● Your goal: Copy the complete listing word for word, but do not carry over any images.

● Exercise material:
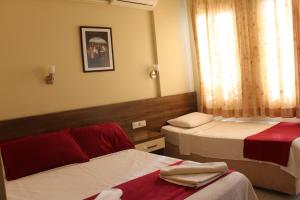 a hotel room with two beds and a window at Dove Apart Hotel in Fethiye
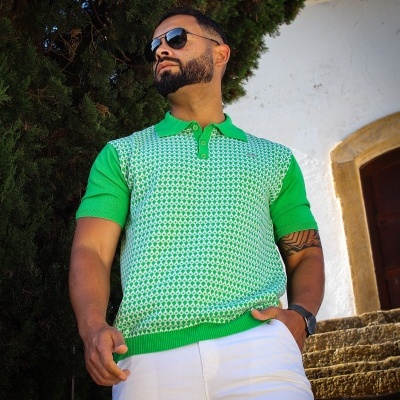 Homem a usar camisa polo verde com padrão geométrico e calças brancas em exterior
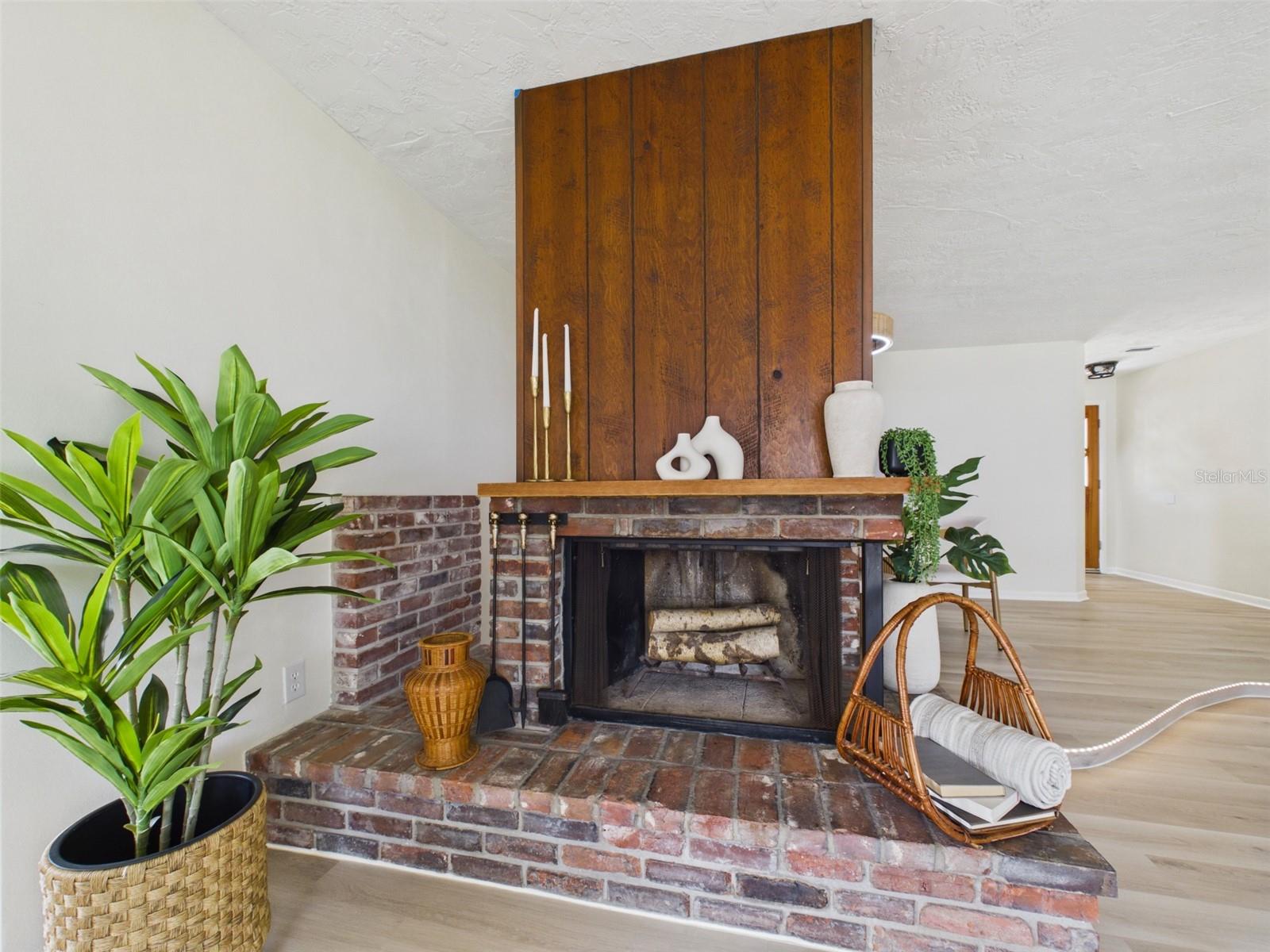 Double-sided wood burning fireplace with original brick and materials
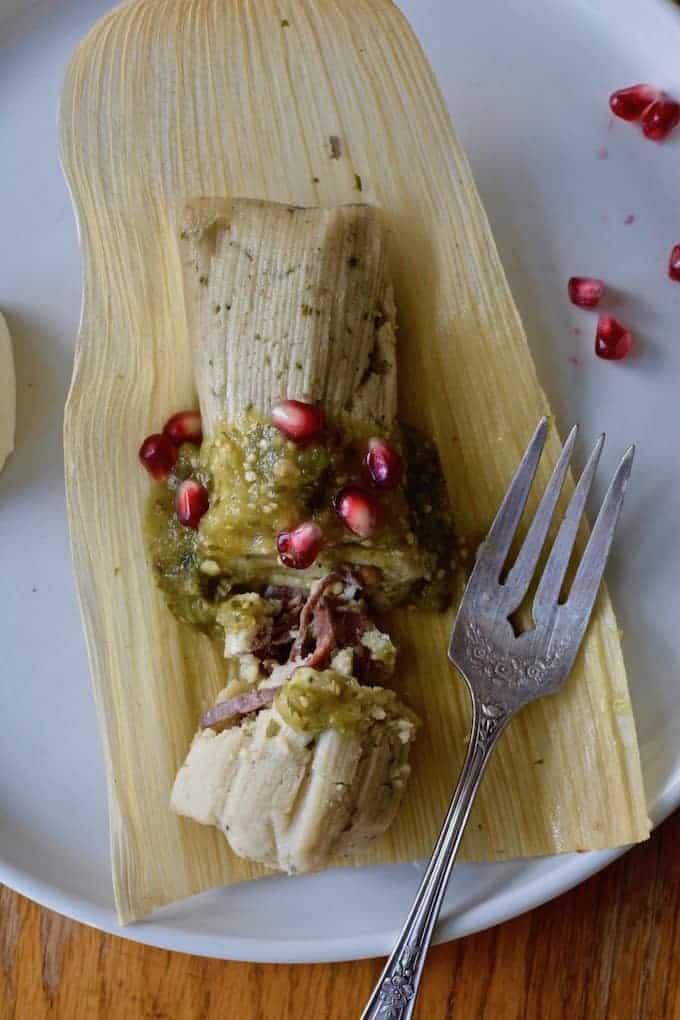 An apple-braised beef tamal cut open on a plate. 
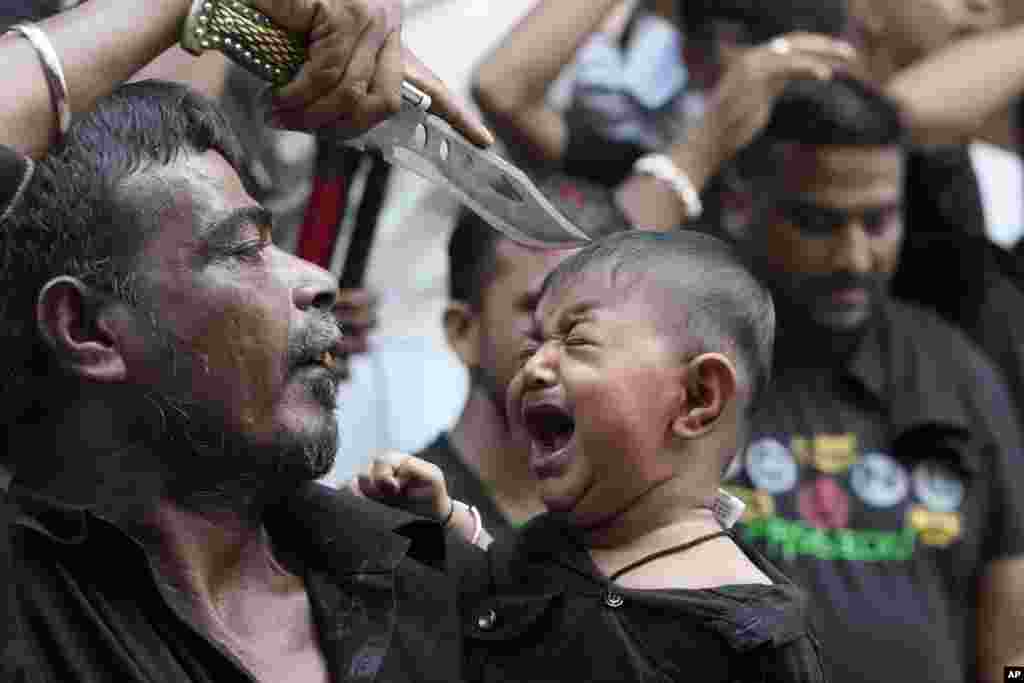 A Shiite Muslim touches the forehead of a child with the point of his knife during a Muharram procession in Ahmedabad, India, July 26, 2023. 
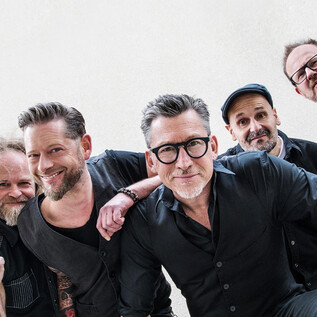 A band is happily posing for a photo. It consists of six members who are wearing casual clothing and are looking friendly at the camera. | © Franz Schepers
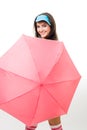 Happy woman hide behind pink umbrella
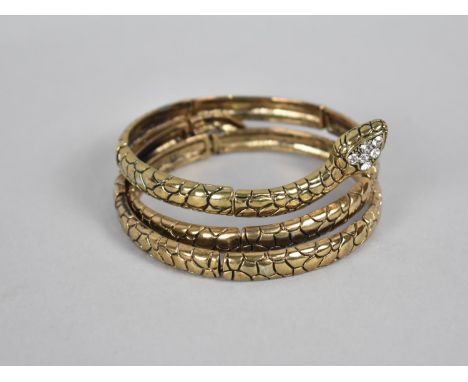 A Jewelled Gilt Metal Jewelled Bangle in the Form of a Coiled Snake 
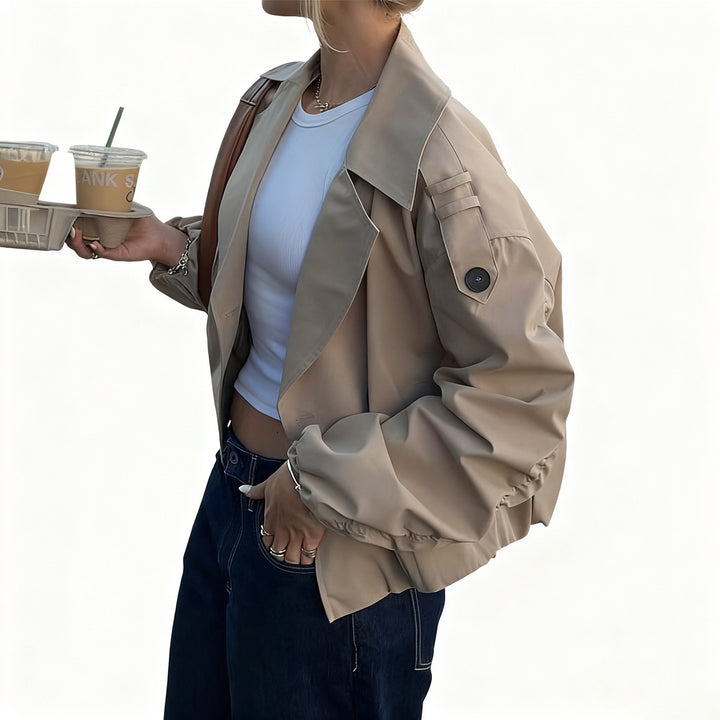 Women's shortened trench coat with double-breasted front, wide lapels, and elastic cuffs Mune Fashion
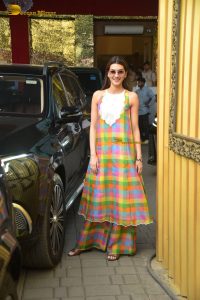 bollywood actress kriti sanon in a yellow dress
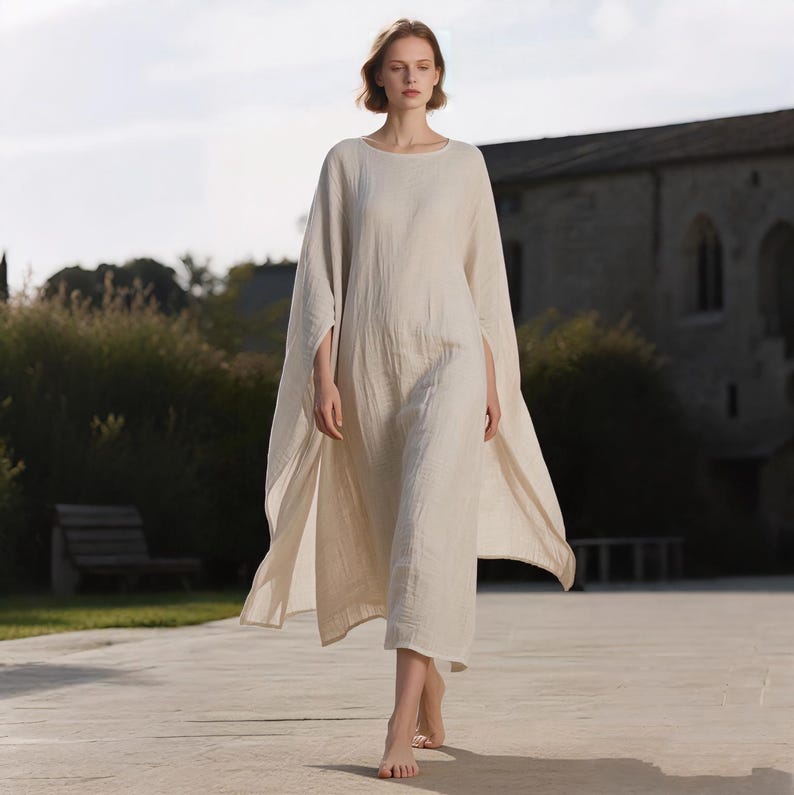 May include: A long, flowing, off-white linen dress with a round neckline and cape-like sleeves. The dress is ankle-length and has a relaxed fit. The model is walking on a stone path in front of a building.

● Worked solution:
 a hotel room with two beds and a window at Dove Apart Hotel in Fethiye
 Homem a usar camisa polo verde com padrão geométrico e calças brancas em exterior
 Double-sided wood burning fireplace with original brick and materials
 An apple-braised beef tamal cut open on a plate. 
 A Shiite Muslim touches the forehead of a child with the point of his knife during a Muharram procession in Ahmedabad, India, July 26, 2023. 
 A band is happily posing for a photo. It consists of six members who are wearing casual clothing and are looking friendly at the camera. | © Franz Schepers
 Happy woman hide behind pink umbrella
 A Jewelled Gilt Metal Jewelled Bangle in the Form of a Coiled Snake 
 Women's shortened trench coat with double-breasted front, wide lapels, and elastic cuffs Mune Fashion
 bollywood actress kriti sanon in a yellow dress
 May include: A long, flowing, off-white linen dress with a round neckline and cape-like sleeves. The dress is ankle-length and has a relaxed fit. The model is walking on a stone path in front of a building.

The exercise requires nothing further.